Back in early 1983, writers Ken Levine and David Isaacs wrote a special one-off scene to air before Super Bowl XVII in which Sam, Diane, Carla, Norm, Cliff, and NBC announcer Pete Axthelm bet on who will win the big game. “They ran it just before game time and it was seen by 80,000,000 people,” Levine recalled of the spot on his blog. “Nothing we've ever written before or since has been seen by that many eyeballs at one time. But the scene was never repeated. It never appeared on any DVDs.

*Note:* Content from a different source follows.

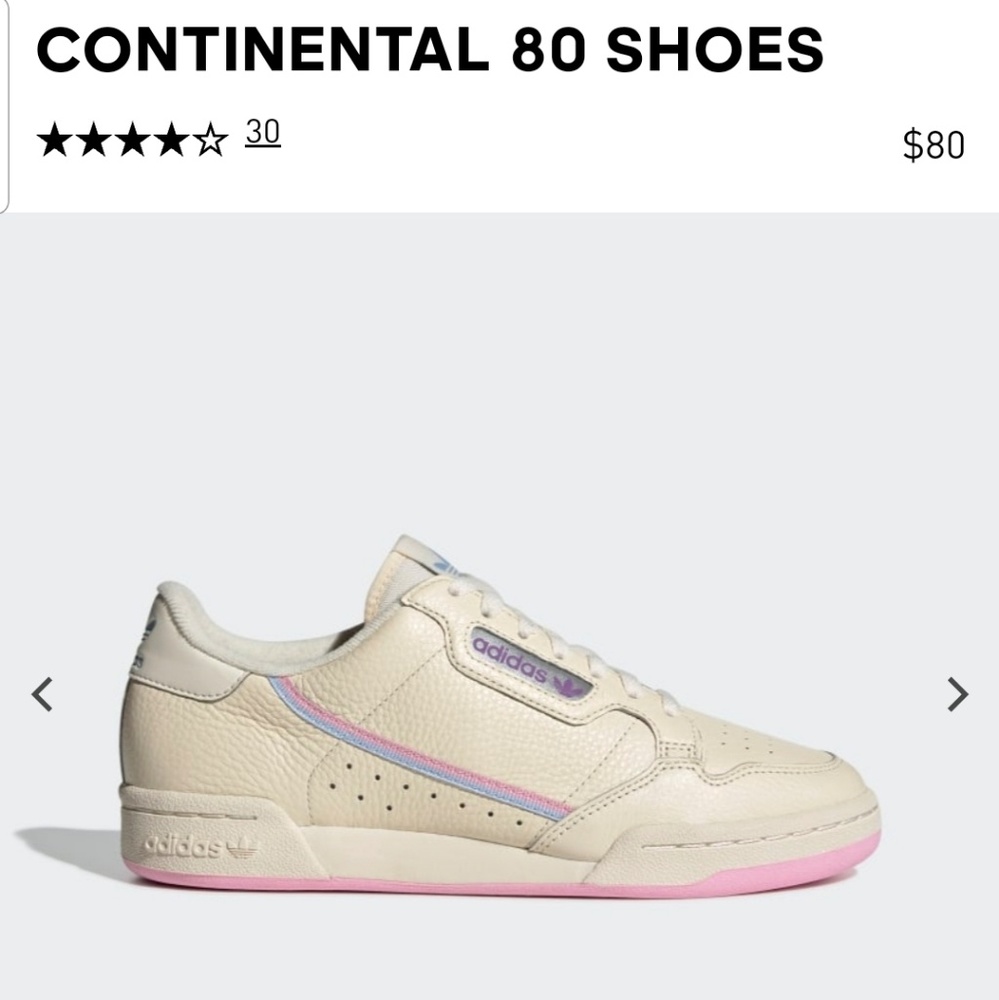 Adias Continental 80 Shoes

It just disappeared.” (Until now: You can watch it at the link above.)
16. TED DANSON WORE A HAIRPIECE TO PLAY HAIR-OBSESSED SAM
A fact that became apparent when he accepted the Emmy—sans hairpiece—in 1990. In the 1993 episode “It’s Lonely on the Top,” Sam shares his follicular challenge with Carla.

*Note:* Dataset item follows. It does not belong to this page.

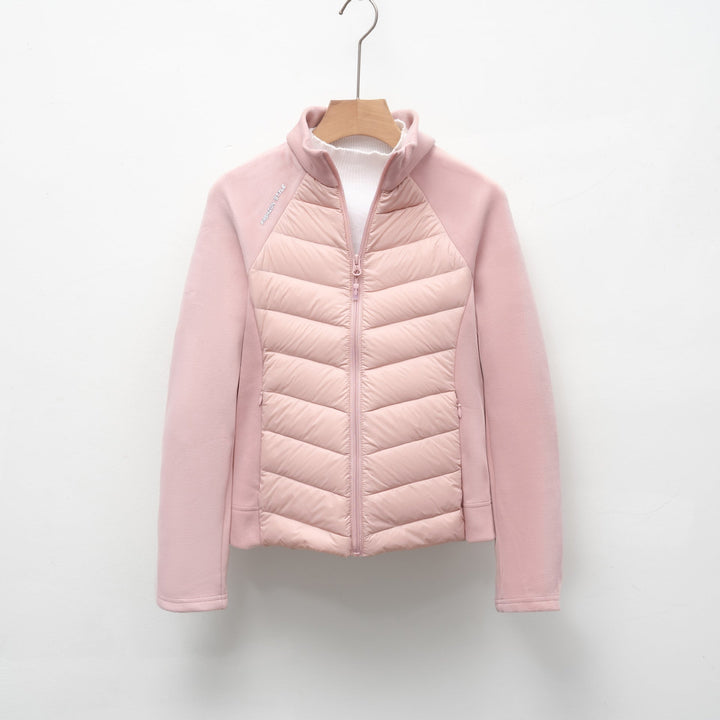Damen gesteppte Sportjacke mit hohem Kragen und funktionalen Reißverschlusstaschen Drune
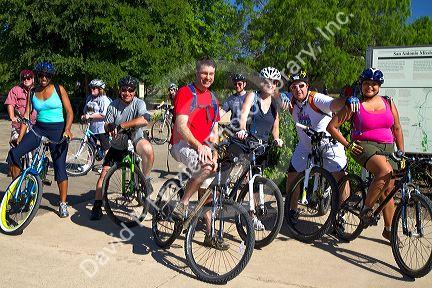 Bicycle club outing in San Antonio, Texas, USA.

17. VIEWERS FREQUENTLY COMPLAINED ABOUT THE VOLUME OF THE LAUGH TRACK, EVEN THOUGH THERE WAS NO LAUGH TRACK.
In 1983, a quick disclaimer—spoken by one of the regular cast members—was added to the beginning of each episode: “Cheers was filmed before a live studio audience.” This was a direct response to viewer complaints that the “laugh track” was too loud.

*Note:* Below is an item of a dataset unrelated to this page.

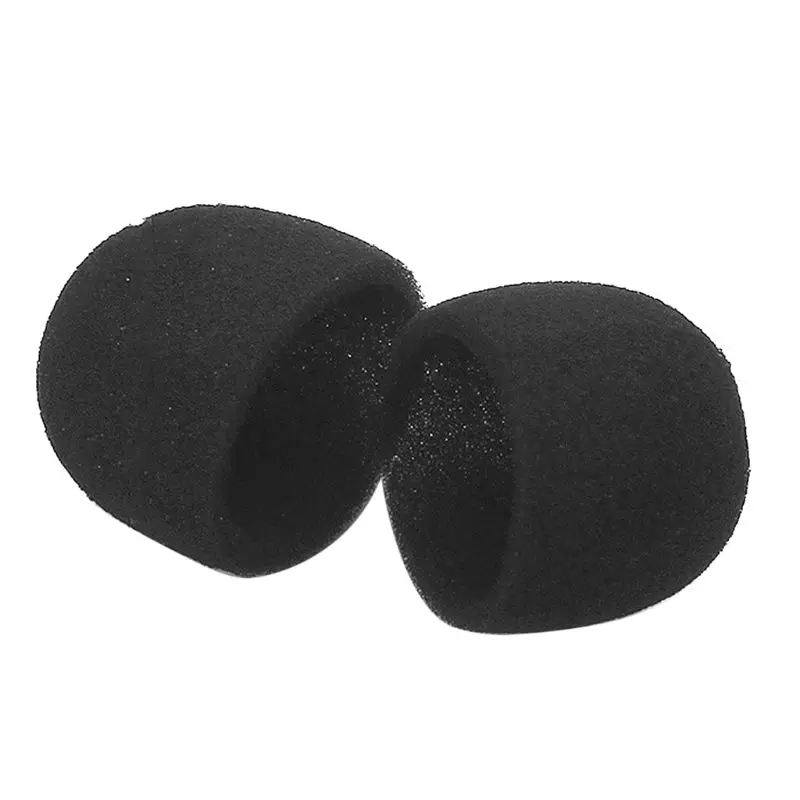 Black Round Ball Shape Microphone Cap Windscreen Grill Inner Foams Sponge for SM58 SLX24 PGX24 PG58 BETA58A Mic Cover PXPA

18. THE PART OF FRASIER WAS WRITTEN FOR JOHN LITHGOW.
After recent roles in All That Jazz, Blow Out, and The World According to Garp (for which he received his first of two consecutive Oscar nominations), Lithgow was not interested in working on the small screen. “I just said, 'No,’” Lithgow recalled to The Hollywood Reporter. “I barely even remembered that … It was like swatting away a fly … I just wasn’t going to do a series.”
19. KELSEY GRAMMER PLAYED FRASIER CRANE FOR 20 YEARS.
Grammer made his Cheers debut in the third season premiere in 1984. Though he was intended to be a short-lived character, Crane’s popularity with audiences led to him becoming a series regular. Four months after Cheers ended in May of 1993, Frasier made its debut (on the redesigned Cheers stage, no less) and ran for its own 11 seasons. Grammer’s two-decade run as the pretentious psychiatrist is a record-breaking one for an American comedy actor.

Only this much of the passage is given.